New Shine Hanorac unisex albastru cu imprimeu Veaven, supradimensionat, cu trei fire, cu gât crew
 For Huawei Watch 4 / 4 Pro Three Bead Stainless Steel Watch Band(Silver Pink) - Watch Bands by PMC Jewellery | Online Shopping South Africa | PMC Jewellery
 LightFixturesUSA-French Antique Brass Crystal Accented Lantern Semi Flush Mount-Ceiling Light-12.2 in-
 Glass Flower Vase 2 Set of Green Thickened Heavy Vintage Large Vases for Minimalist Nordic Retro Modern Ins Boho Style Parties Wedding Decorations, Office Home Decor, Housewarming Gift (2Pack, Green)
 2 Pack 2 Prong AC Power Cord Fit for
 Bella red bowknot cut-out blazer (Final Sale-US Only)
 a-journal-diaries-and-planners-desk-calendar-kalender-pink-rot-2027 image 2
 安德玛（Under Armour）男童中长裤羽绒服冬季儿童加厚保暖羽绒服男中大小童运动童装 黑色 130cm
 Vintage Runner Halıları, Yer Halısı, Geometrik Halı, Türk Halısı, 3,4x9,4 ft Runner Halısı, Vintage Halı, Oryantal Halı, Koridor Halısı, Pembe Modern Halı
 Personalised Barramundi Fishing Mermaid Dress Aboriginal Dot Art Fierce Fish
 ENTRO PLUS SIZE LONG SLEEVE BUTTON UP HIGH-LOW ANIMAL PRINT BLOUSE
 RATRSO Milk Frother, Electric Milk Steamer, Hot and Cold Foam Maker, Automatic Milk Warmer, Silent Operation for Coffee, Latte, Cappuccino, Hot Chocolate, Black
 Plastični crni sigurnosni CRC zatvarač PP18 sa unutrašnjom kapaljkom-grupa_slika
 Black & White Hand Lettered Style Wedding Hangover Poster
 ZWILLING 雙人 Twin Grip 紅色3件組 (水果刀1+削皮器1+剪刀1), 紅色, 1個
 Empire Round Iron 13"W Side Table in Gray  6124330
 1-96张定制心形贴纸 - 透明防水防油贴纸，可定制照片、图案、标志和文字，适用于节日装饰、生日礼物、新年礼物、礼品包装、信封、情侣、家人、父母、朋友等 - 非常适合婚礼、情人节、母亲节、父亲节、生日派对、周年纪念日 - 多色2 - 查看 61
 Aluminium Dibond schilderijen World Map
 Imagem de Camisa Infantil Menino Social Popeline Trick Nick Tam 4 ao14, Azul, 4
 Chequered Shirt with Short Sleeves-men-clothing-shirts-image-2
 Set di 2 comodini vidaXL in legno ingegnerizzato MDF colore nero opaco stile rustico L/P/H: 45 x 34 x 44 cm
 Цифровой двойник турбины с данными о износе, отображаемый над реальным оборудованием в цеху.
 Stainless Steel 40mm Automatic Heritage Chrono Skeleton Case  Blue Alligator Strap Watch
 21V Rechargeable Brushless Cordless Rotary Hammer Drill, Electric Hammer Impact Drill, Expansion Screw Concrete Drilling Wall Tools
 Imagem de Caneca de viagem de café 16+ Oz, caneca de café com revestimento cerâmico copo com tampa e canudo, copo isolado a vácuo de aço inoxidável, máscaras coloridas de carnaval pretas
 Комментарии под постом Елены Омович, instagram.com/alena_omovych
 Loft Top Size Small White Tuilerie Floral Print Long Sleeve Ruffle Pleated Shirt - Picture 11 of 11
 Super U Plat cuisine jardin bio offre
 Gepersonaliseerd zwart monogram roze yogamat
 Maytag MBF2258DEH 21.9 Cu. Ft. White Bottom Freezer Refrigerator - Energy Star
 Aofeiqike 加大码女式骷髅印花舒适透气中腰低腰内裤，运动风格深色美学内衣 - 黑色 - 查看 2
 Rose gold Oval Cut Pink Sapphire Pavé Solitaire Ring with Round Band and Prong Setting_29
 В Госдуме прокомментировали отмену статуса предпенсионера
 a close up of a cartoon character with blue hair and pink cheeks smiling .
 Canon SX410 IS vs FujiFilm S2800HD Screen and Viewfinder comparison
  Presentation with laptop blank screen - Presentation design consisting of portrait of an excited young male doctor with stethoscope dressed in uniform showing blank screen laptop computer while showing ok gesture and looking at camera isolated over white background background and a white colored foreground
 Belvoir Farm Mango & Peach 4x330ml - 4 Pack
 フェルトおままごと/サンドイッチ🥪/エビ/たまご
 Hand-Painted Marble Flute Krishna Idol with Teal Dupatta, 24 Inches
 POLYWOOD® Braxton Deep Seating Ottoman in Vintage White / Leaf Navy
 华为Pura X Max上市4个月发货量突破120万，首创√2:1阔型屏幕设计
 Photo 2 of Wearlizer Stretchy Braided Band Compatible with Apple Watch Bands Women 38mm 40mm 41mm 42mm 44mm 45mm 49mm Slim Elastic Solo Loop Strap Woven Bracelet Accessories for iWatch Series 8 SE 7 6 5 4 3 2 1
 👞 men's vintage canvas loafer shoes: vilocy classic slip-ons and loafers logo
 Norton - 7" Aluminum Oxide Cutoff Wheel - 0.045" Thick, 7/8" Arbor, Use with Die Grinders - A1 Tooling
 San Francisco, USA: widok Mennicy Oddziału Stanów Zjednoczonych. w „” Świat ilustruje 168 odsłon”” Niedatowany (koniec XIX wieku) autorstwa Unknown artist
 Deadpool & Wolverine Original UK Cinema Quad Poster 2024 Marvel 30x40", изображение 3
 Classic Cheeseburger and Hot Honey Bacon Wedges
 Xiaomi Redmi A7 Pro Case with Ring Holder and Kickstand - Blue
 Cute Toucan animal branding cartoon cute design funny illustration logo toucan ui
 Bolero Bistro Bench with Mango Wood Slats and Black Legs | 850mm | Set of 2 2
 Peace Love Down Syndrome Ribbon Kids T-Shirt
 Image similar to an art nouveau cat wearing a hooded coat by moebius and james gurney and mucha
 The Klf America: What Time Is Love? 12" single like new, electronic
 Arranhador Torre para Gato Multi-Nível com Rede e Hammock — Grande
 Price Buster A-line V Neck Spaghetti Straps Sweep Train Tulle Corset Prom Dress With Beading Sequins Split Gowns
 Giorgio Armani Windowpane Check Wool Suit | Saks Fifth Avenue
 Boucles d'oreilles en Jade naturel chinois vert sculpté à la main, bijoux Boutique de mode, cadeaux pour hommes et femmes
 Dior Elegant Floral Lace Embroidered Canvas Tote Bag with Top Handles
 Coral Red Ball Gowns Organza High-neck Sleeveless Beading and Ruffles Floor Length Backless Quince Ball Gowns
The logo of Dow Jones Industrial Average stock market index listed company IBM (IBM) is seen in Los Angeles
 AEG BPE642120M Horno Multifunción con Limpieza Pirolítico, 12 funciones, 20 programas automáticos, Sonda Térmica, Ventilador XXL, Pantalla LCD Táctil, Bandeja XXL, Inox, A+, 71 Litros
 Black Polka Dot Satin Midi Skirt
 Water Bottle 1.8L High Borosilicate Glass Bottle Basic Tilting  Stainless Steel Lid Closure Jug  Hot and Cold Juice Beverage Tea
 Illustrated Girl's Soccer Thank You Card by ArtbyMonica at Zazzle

**THE TASK:**
Of the entries listed above, reproduce only the lines starting at the line containing "Комментарии под постом" and ending at the line containing "Maytag MBF2258DEH 21.9". Include both, exactly as they stand.

**EXERCISE OUTPUT:**
 Комментарии под постом Елены Омович, instagram.com/alena_omovych
 Loft Top Size Small White Tuilerie Floral Print Long Sleeve Ruffle Pleated Shirt - Picture 11 of 11
 Super U Plat cuisine jardin bio offre
 Gepersonaliseerd zwart monogram roze yogamat
 Maytag MBF2258DEH 21.9 Cu. Ft. White Bottom Freezer Refrigerator - Energy Star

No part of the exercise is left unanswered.